Political Culture and Cultural Politics
Cleavages
Identity
Public Opinion
Political Cultures
Abstract
Political culture was defined by the academics who introduced it into political science as a condition in the background of politics, forming its setting or its context, and thereby determining in some respects its variation from country to country, not active in day-to-day political conflict except in the sense of defining its scope. Political culture was not meant to replace the idea of public opinion, which in contrast was defined as fluctuating rapidly in time, voting intentions and evaluations of leaders, for example, tracking political achievements or failures.

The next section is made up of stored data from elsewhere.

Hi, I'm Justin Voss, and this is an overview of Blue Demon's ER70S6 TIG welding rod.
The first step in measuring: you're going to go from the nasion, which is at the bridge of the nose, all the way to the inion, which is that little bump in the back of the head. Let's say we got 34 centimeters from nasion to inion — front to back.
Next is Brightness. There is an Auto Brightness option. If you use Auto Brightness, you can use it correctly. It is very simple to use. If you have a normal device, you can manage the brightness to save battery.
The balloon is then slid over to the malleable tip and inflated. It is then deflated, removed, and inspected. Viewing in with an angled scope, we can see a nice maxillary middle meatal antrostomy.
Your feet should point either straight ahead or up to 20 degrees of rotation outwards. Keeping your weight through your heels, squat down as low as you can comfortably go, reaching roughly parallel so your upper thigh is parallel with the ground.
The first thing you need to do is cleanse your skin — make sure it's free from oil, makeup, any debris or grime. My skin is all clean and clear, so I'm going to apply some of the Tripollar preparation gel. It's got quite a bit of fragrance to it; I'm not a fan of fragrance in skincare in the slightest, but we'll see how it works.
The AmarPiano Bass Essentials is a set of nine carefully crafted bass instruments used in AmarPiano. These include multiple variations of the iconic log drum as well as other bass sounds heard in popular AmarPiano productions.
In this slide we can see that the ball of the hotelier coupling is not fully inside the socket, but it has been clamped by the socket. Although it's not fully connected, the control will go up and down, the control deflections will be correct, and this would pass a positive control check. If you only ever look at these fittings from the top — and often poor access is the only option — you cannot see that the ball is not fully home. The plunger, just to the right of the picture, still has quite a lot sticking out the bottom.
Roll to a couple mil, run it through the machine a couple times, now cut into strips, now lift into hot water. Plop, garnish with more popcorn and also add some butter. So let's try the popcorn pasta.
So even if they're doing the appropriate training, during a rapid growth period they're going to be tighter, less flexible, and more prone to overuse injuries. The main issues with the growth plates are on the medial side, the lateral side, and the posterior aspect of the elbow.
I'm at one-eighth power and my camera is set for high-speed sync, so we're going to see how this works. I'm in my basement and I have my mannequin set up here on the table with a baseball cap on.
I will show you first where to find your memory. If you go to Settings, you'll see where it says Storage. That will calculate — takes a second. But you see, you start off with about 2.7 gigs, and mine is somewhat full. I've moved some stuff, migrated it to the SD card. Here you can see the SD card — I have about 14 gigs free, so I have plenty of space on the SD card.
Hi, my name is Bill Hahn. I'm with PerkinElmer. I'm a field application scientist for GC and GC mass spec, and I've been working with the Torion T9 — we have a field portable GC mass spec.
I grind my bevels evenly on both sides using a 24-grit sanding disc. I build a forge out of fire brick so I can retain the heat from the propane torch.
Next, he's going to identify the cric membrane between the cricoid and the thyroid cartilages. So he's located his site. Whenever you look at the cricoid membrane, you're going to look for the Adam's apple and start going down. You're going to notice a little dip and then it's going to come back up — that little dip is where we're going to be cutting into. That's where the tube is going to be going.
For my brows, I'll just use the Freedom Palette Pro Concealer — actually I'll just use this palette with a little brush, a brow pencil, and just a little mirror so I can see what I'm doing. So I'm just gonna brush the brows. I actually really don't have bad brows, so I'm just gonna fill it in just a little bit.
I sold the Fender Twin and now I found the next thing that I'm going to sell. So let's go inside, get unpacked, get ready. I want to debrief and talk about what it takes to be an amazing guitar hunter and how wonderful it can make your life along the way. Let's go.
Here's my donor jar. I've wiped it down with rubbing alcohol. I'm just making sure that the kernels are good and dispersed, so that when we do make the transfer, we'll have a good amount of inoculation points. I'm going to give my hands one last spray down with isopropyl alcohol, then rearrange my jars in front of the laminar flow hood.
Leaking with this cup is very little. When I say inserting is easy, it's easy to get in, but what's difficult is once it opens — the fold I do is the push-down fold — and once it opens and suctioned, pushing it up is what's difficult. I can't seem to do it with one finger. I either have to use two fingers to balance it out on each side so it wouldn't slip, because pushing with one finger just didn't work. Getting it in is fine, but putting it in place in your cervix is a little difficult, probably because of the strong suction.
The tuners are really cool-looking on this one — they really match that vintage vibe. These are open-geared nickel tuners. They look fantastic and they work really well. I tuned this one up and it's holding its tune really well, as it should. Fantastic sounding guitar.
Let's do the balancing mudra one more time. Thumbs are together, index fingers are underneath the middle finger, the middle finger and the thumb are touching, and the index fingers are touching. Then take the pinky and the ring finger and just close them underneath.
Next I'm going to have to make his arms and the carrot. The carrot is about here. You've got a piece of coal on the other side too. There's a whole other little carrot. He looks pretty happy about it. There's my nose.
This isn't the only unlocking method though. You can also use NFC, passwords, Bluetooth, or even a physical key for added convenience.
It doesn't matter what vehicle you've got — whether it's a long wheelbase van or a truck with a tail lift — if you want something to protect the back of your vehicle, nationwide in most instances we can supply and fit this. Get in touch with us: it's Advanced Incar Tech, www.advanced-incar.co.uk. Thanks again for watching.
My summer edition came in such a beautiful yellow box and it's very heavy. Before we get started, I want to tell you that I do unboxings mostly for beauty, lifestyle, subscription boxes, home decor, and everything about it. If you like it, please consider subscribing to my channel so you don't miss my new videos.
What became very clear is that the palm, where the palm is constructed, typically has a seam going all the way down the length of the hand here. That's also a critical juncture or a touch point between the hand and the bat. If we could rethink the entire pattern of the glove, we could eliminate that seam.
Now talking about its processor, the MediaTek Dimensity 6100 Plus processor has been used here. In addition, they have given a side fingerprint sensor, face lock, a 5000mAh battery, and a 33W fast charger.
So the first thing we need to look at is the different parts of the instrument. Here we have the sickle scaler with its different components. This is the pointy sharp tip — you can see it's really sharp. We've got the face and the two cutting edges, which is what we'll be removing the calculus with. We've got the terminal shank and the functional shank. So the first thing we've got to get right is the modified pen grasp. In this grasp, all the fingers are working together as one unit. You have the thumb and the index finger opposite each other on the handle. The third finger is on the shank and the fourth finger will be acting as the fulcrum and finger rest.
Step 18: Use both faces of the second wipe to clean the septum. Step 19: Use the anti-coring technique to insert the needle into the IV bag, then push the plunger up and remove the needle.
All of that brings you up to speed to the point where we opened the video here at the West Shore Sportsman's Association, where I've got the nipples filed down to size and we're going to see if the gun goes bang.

Nor was it intended to replace the concept of ideology, seen as a structure of attitudes but one that was distinctively non-consensual, instead providing broad alternative policy orientations which could be promoted or decried by different political parties.
This conception, deployed initially in a comparative causal theory of politics and still often used that way, faces a methodological difficulty in that both public opinion and political culture (and ideology, when empirical researchers started to address it) were measured using attitude surveys. It was hard to see how the same instrument could measure such different things as the consensual background and the contested foreground of political subjectivity.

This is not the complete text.